» **Information supplied**
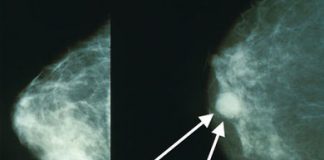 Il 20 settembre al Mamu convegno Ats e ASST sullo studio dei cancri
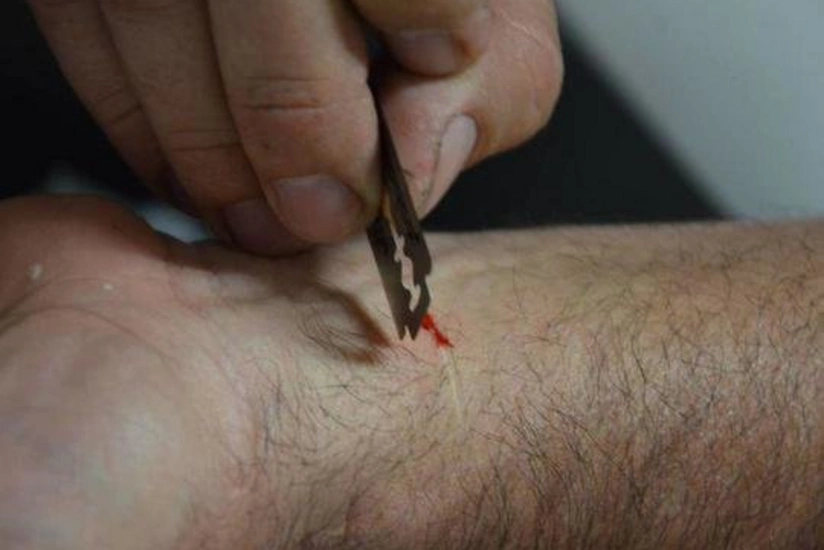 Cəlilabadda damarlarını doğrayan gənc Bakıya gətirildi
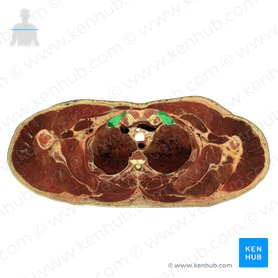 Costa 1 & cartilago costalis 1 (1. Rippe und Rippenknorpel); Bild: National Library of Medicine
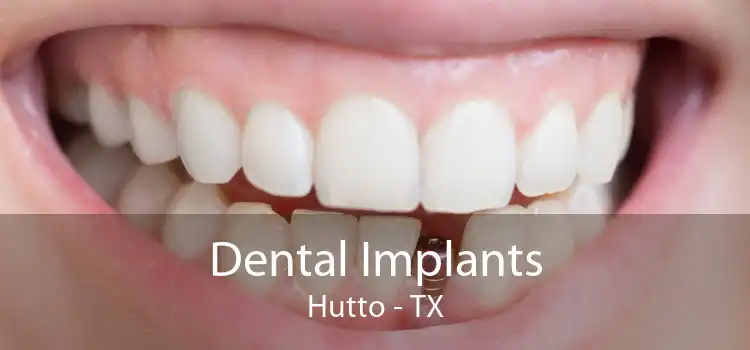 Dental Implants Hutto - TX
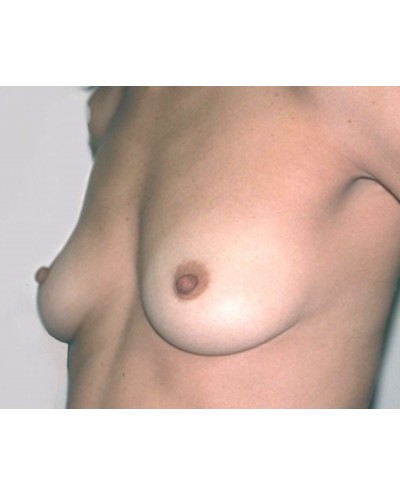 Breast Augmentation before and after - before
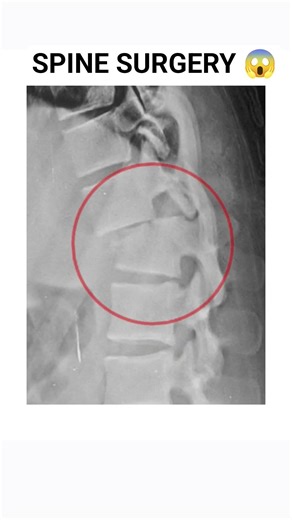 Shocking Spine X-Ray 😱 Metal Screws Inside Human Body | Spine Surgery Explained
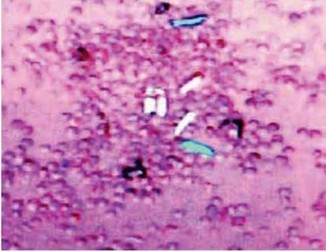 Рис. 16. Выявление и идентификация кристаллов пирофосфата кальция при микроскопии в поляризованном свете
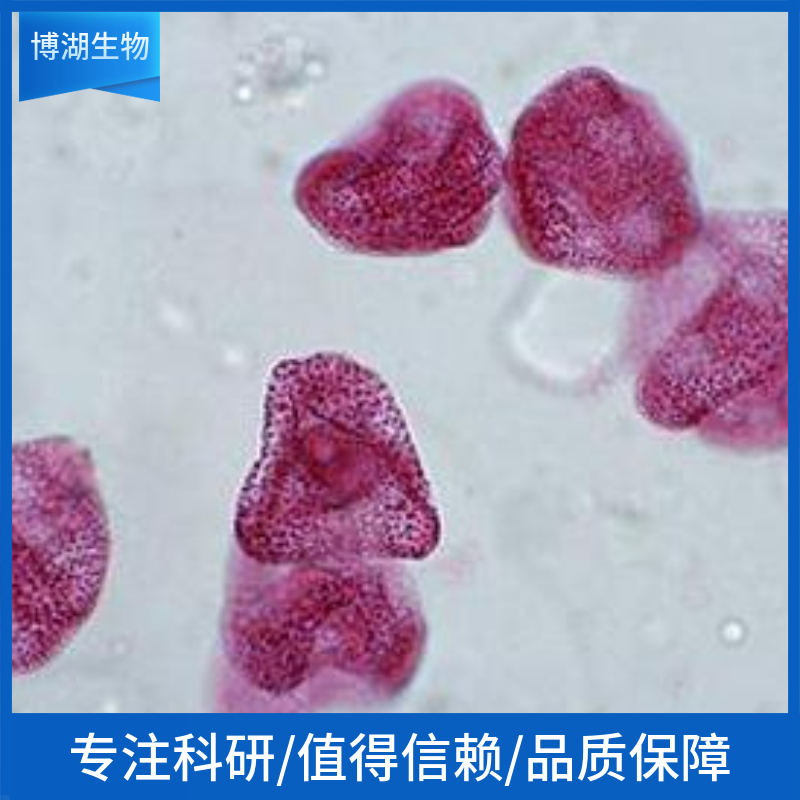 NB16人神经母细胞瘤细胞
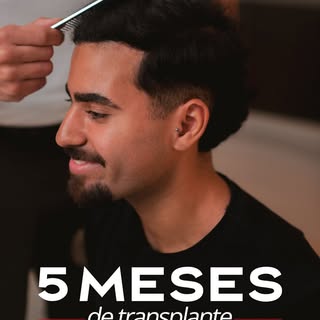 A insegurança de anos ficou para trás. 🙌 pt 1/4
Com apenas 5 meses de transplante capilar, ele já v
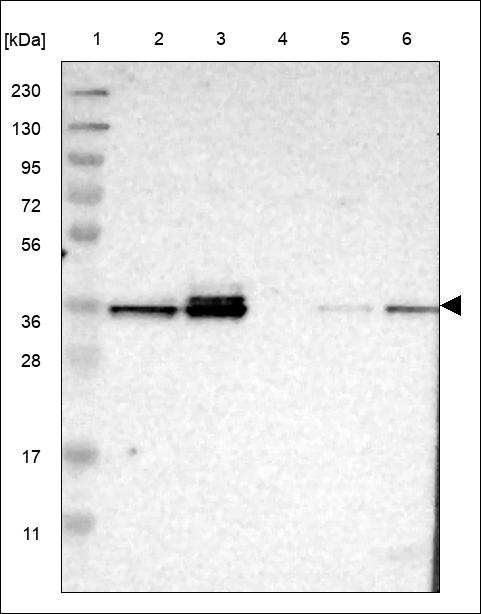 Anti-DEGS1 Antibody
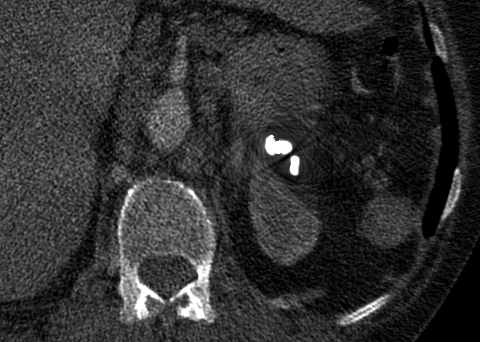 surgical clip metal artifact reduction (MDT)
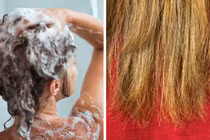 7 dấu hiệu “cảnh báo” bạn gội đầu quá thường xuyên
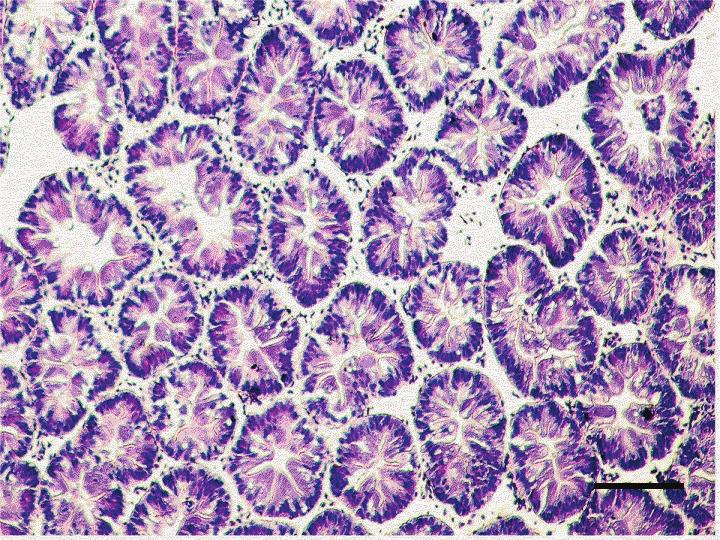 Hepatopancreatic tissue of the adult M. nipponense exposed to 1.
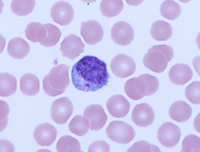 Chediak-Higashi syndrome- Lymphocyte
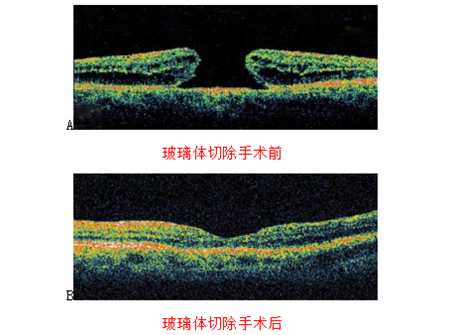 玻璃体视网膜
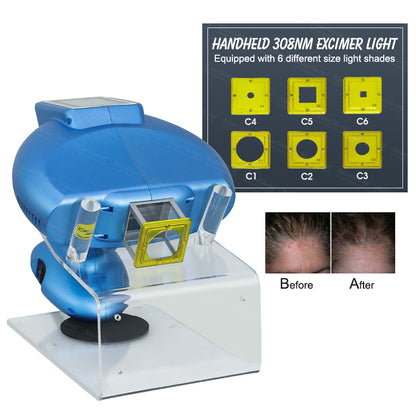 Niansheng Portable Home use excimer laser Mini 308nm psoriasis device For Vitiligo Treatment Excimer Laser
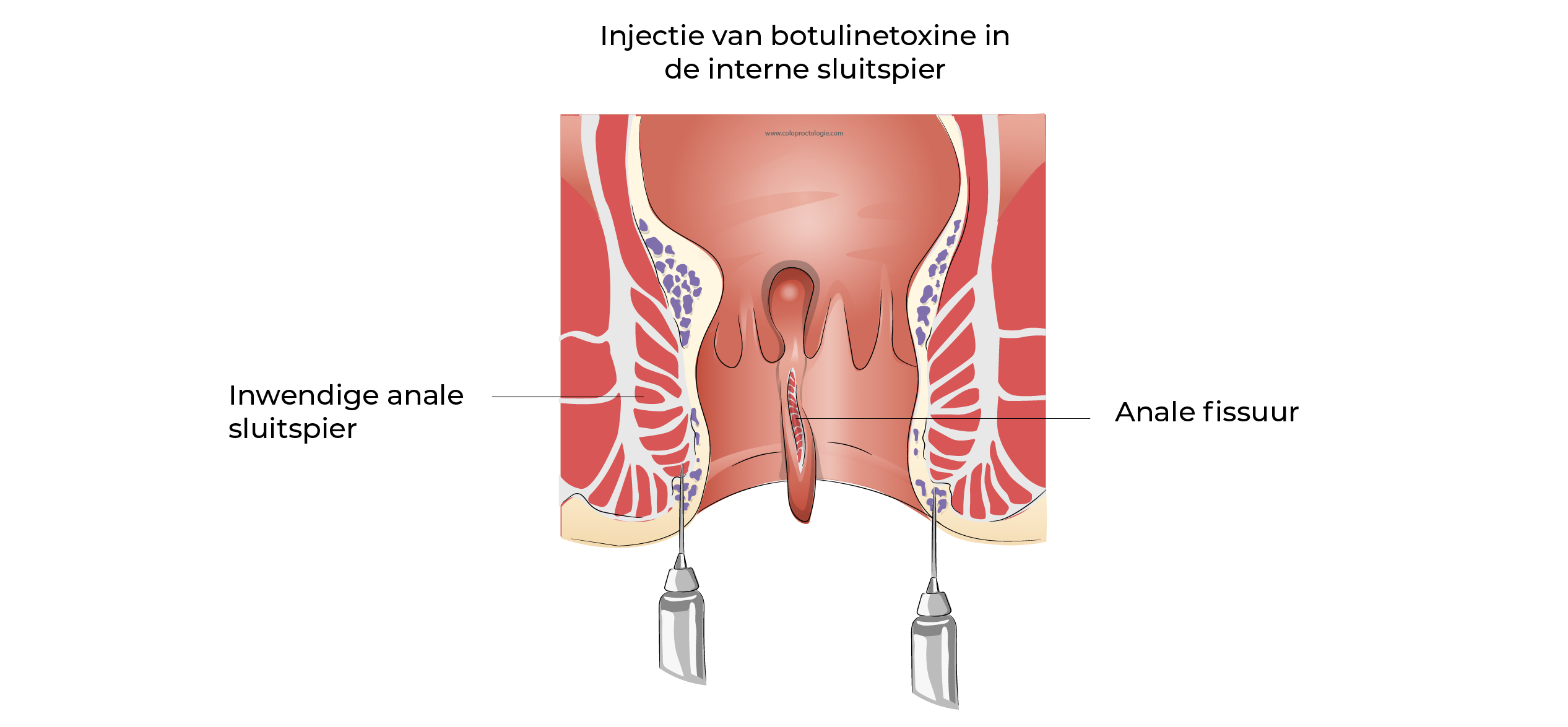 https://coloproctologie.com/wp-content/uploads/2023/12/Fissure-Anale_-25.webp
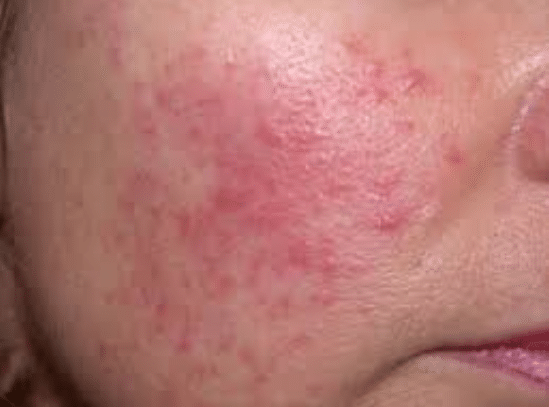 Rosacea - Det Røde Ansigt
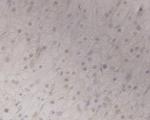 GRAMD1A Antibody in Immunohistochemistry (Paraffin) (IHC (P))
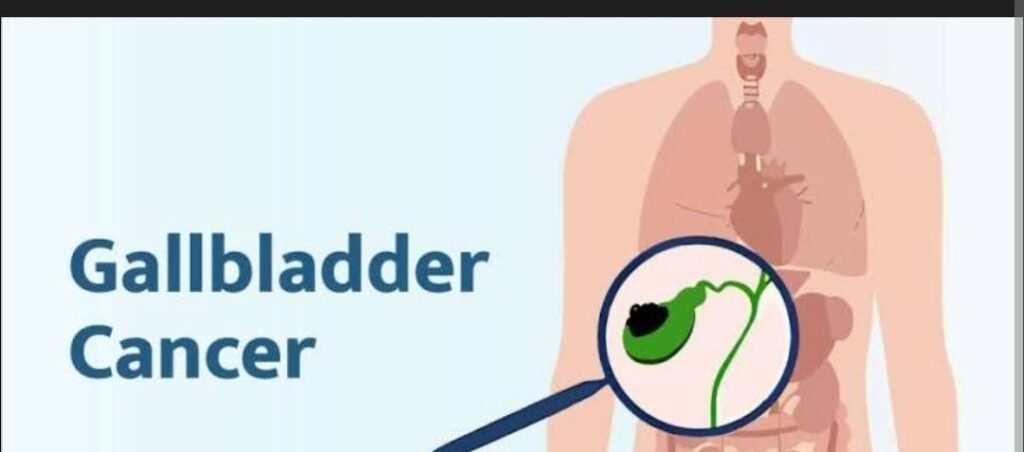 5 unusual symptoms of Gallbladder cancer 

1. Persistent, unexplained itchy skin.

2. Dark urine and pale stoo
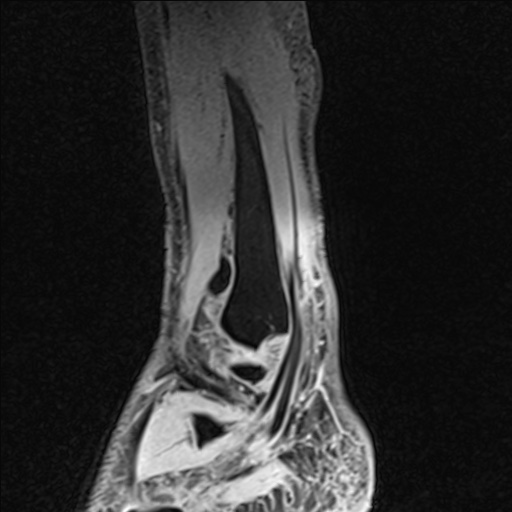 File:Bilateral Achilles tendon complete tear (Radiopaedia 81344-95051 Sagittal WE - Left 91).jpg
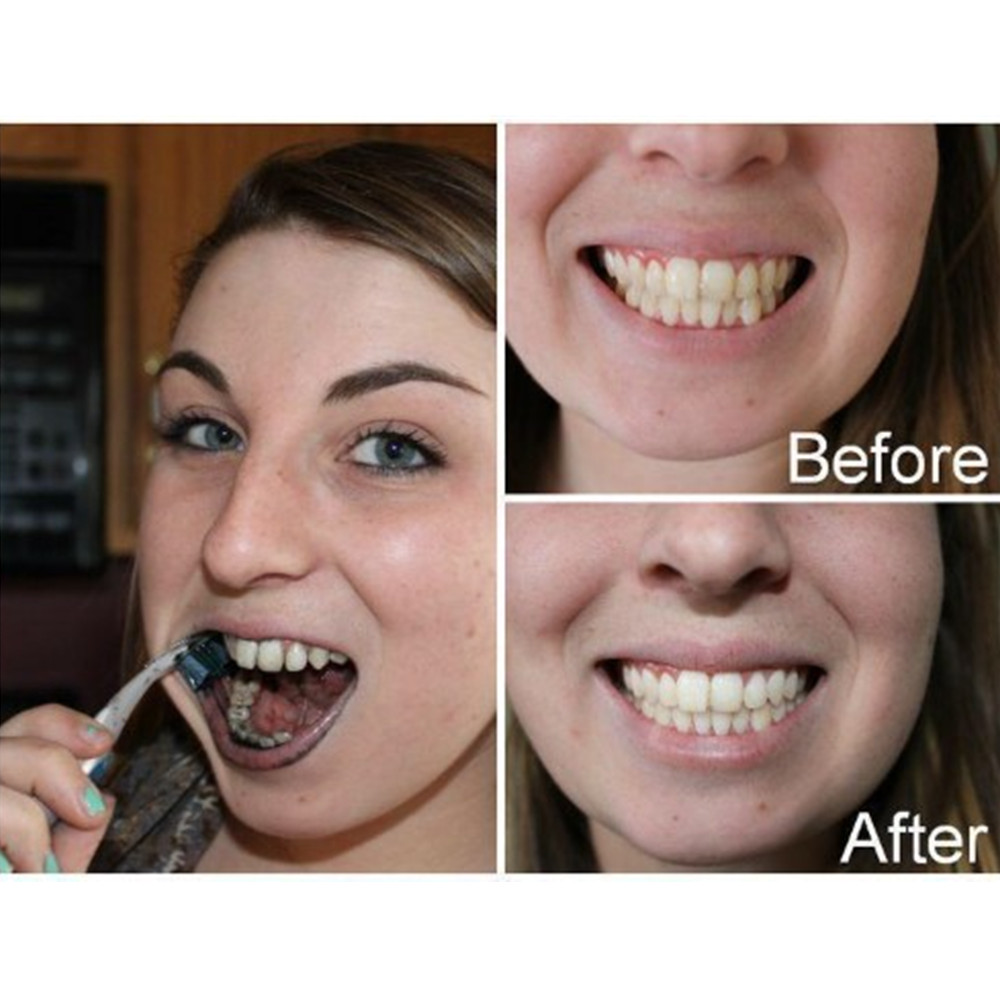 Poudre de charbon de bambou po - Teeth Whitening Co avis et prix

» **Directions**
Repeat only the lines from the line with "1. Persistent, unexplained itchy skin." to the end of the entries, including both the first and the last line, and drop every picture.

» **Answer space**
1. Persistent, unexplained itchy skin.

2. Dark urine and pale stoo
 File:Bilateral Achilles tendon complete tear (Radiopaedia 81344-95051 Sagittal WE - Left 91).jpg
 Poudre de charbon de bambou po - Teeth Whitening Co avis et prix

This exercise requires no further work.